Paul Good covered the movement as a correspondent for ABC News and offers an insightful critique of television’s coverage, not just of the movement, but of politics in general. Good states, “A policy of crisis reporting, moving on a story as it boiled up, quickly dropping it the moment its supposed interest had died and racing off to a newer crisis….Our procedure crimped perspective and often substituted the superficial glance for the needed long look.”
Technology’s role in changing the old cotton economy and television’s place, both in the movement and politics in general, are examples of the completely ignored politics of technology. Once adopted into society, all technologies have determining political implications. If we are to in anyway revive democracy in America, this is an essential subject to understand, especially in an era where new information technologies reshape every aspect of human society. Ruefully, community destroying broadcast media, today are replaced by the non-ironically labeled “social media” of digital technology.

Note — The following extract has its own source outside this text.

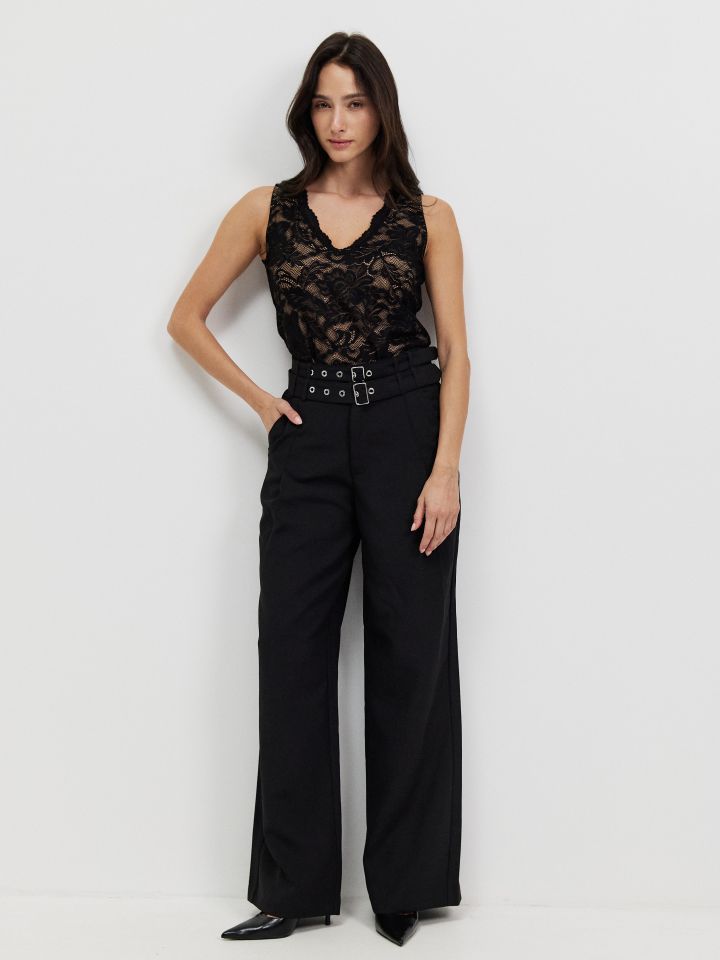 מכנסיים חגורה כפולה בצבע שחור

Finally, the Civil Rights Movement’s newly enfranchised citizens encountered a republic that always lacked the structures necessary to take advantage of the democratic culture and processes the movement had developed. The sublimely democratic Ella Baker already understood this. In 1964, she cautioned the Mississippi Freedom Democratic Party on their way to the Democratic Convention in Atlantic City, “…that while they were able to elect their own representatives, that wouldn’t be the end of their troubles; elected representatives had to be watched….We must be careful lest we elect to represent us people who, for the first time, feel their sense of importance and will represent themselves before they represent you.”
Not coincidentally, in the middle of the Mississippi struggle, the great democratic thinker Hannah Arendt published On Revolution. She notes one great fault of America’s founders was the absence of a role for townships and citizen councils, the very democratic structures that both preceded the republic and catalyzed it into existence. Arendt writes:
“…the state and federal governments, the proudest results of revolution, through sheer weight of their proper business were bound to overshadow in political importance the townships and their meeting halls…one might even come to the conclusion that there was less opportunity for the exercise of public freedom and the enjoyment of public happiness in the republic of the United States than there had existed in the colonies of British America. Lewis Mumford recently pointed out how the political importance of the township was never grasped by the founders, and that the failure to incorporate it into either the federal or the state constitutions was ‘one of the tragic oversights of post-revolutionary political development’.”
In the last decade of his life, Jefferson returned to this flaw over and over again, writing every citizen needed to be a “participator in the government of affairs, not merely at an election one day in the year, but every day.” For this to happen, Jefferson, uniquely among the republic’s founding pantheon, understood the established constitution needed revision. Two and half centuries later, it should be clear to all. The great success of the organized democracy of the Civil Rights Movement ran square into the limitations of the republic and our democratic decline.